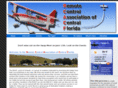 rcacf.com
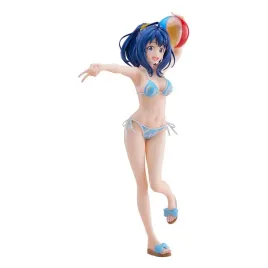 makina-anna-yanami-statua-pvc-31-cm-w-energetycznym-kostiumie-kapielowym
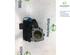 Throttle Body PEUGEOT 3008 SUV (MC_, MR_, MJ_, M4_)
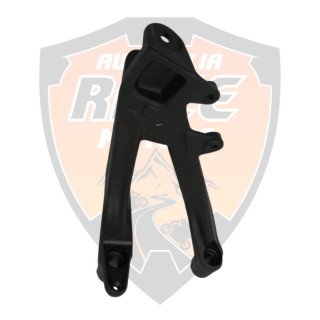 Step Holder Pillion Rear LH Adventure 390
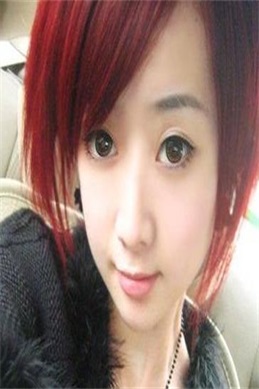 鸣庚纲秋温泉黄整春-秋季温泉养生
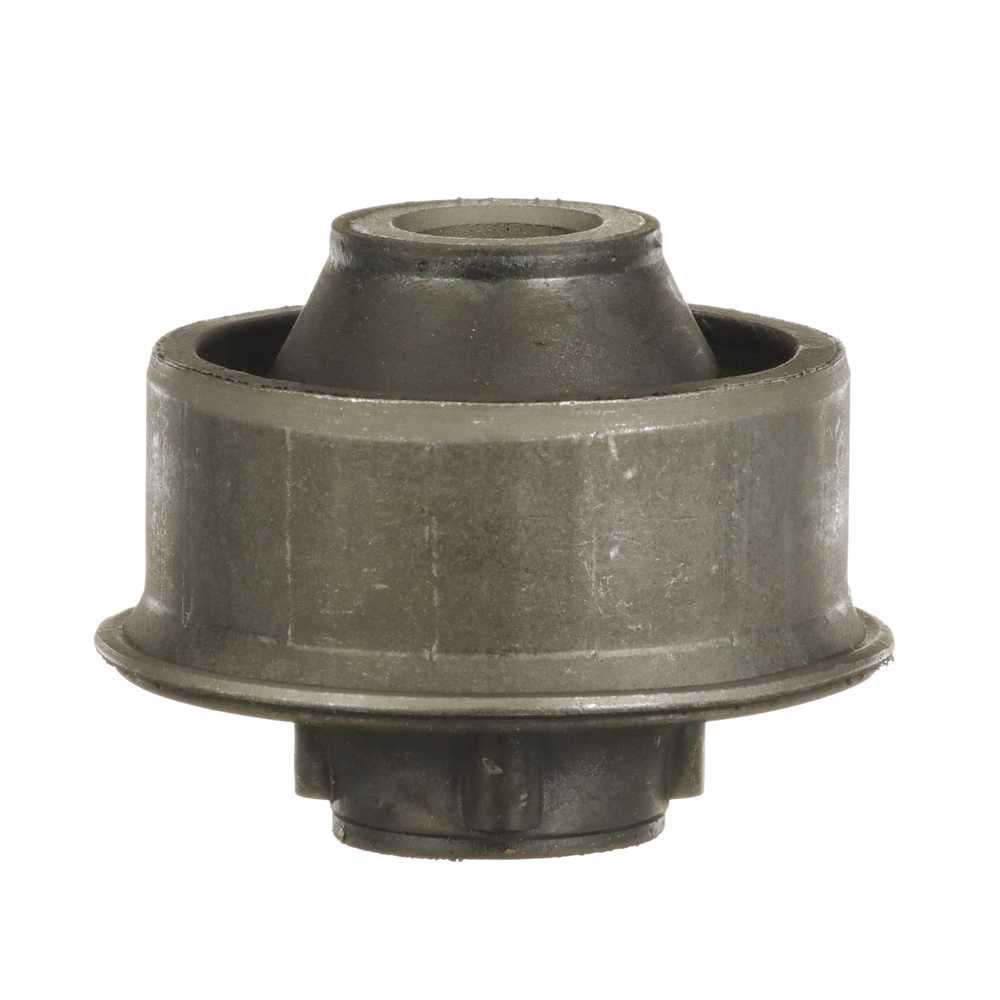 Suspensão, braço oscilante AWS2307 GATES OPEL Corsa C Hatchback (X01) 1.7 CDTI (F08, F68) 2006 100 cv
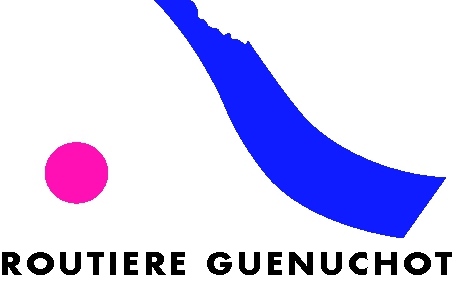 routire guenuchot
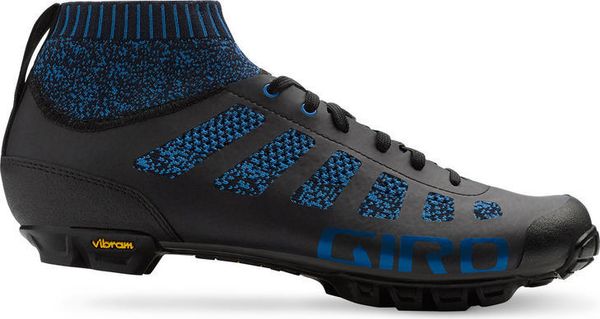 Empire VR70 Knit
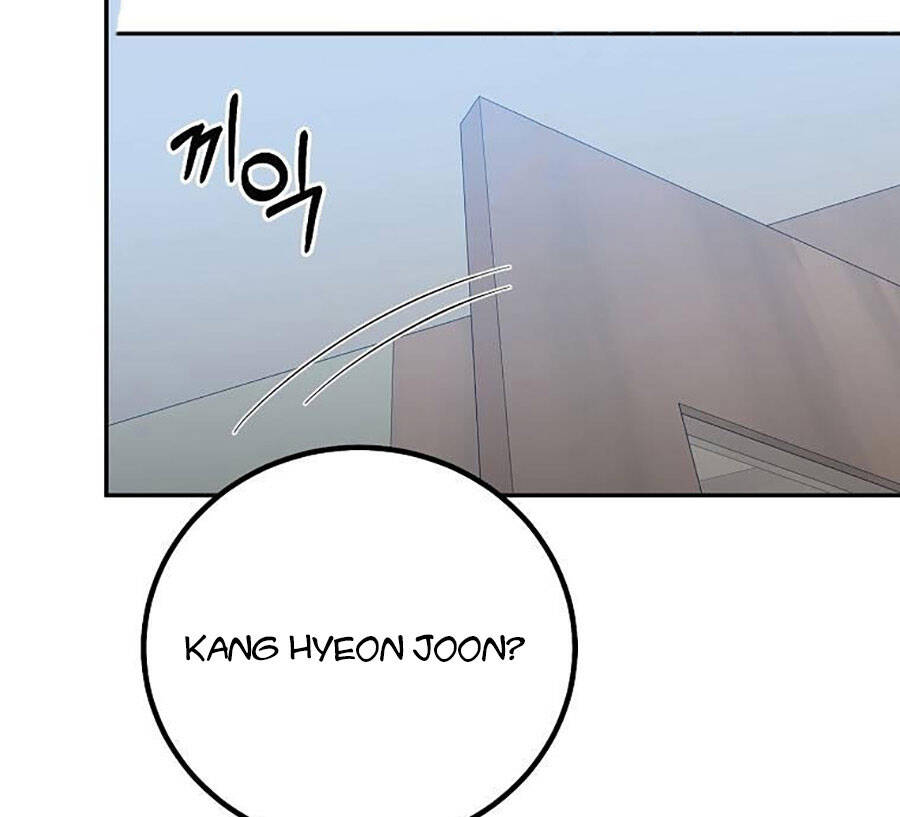 Tôi Là Thợ Săn Có Sức Mạnh Của 99 Vạn Tiền Kiếp Chapter 67 - Trang 15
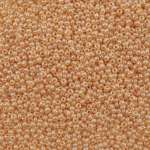 Набор для творчества Preciosa бисер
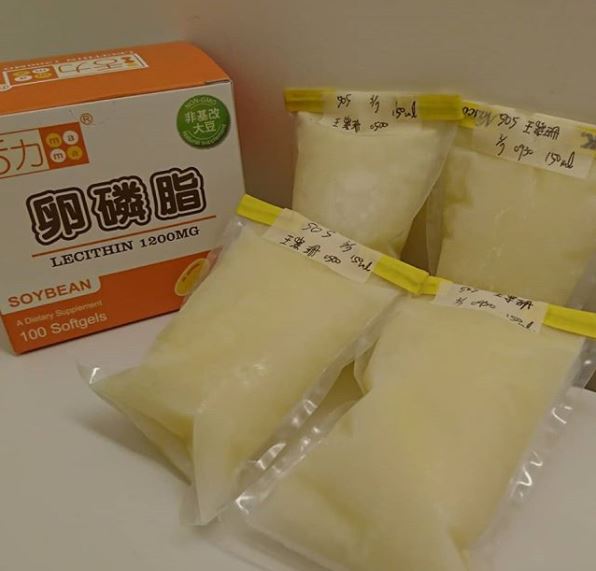 哺餵母乳不可或缺的好幫手
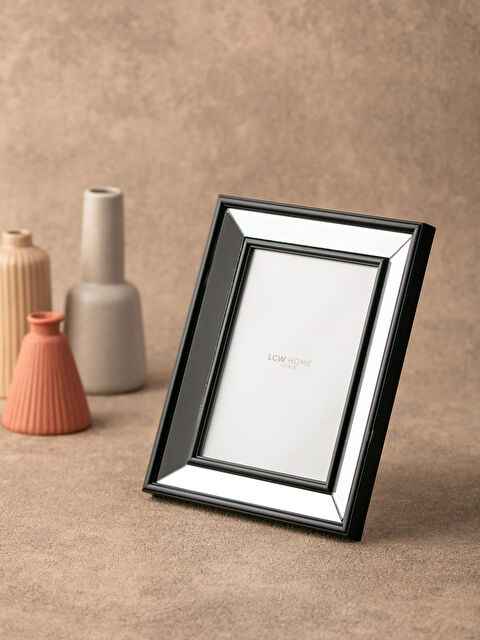 LCW HOME Cadre Photo 19x24 Cm - W1HB80Z8-LQJ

● **Aim of the exercise**: Transcription of the lines from the one with "Набор для творчества Preciosa бисер" through the end of the entries is required, exact and with no pictures.

● **Exercise output**:
 Набор для творчества Preciosa бисер
 哺餵母乳不可或缺的好幫手
 LCW HOME Cadre Photo 19x24 Cm - W1HB80Z8-LQJ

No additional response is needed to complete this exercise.